START Data supplied
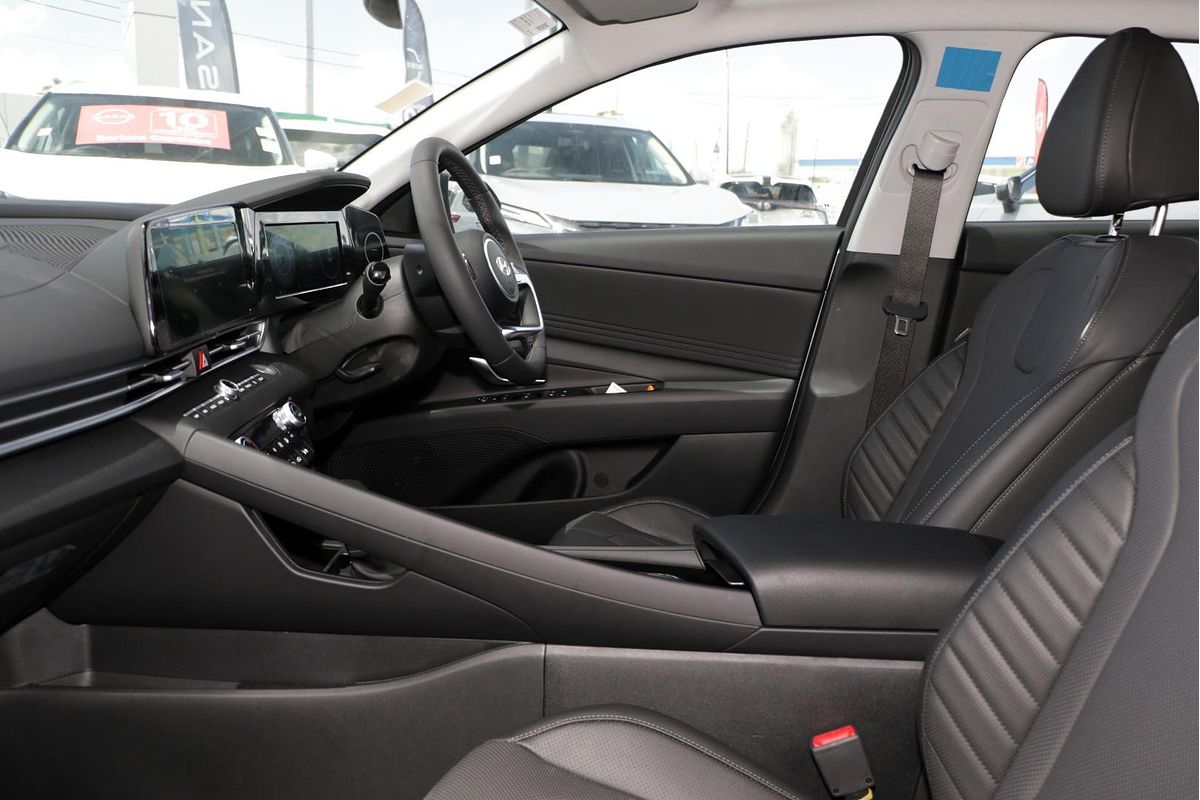 2025 Hyundai i30 Premium CN7.V2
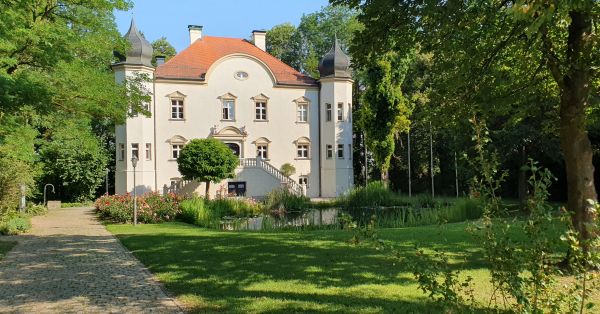 Schloss Niederp&ouml;ring - heute Rathaus und Standesamt - © RoRadln - Kurt Schmidt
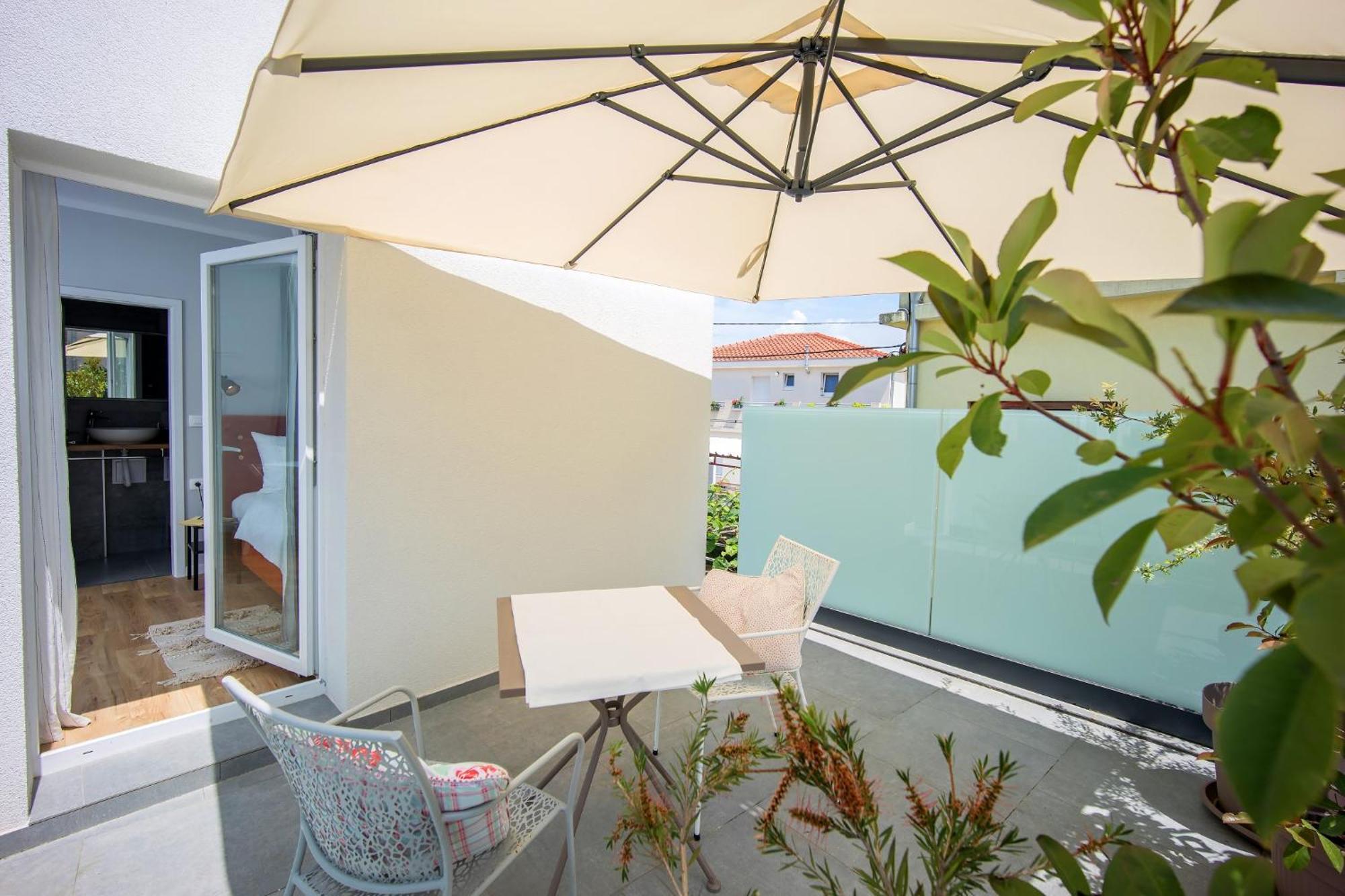 Studio Apartments Yucca, 2-Min To The Beach And 5 To Trogir Exterior foto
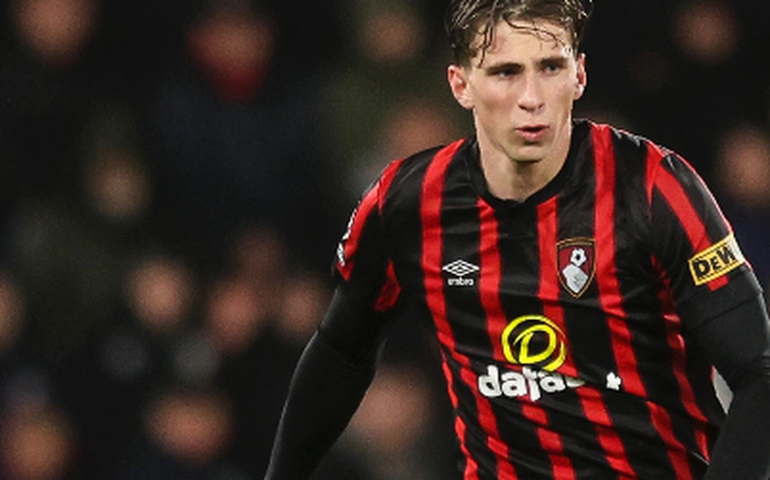 Paris Saint-Germain oficializa a contratação do zagueiro ucraniano Illia Zabarnyi até 2030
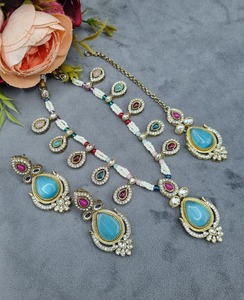 ชุดสร้อยคอยาวประดับมุกและพลอยสีชมพูพอลกี้ ดีไซน์หรูหรา แบรนด์ Ping Bling Luxury AD เหมาะสำหรับงานแต่งงาน งานเลี้ยง และโอกาสพิเศษ  ชุบทอง  ชุดเครื่องประดับดีไซเนอร์ - Product Image 1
END Data supplied
=== Description of the task ===
Print all the records exactly, minus any images.

=== Exercise response ===
 2025 Hyundai i30 Premium CN7.V2
 Schloss Niederp&ouml;ring - heute Rathaus und Standesamt - © RoRadln - Kurt Schmidt
 Studio Apartments Yucca, 2-Min To The Beach And 5 To Trogir Exterior foto
 Paris Saint-Germain oficializa a contratação do zagueiro ucraniano Illia Zabarnyi até 2030
 ชุดสร้อยคอยาวประดับมุกและพลอยสีชมพูพอลกี้ ดีไซน์หรูหรา แบรนด์ Ping Bling Luxury AD เหมาะสำหรับงานแต่งงาน งานเลี้ยง และโอกาสพิเศษ  ชุบทอง  ชุดเครื่องประดับดีไซเนอร์ - Product Image 1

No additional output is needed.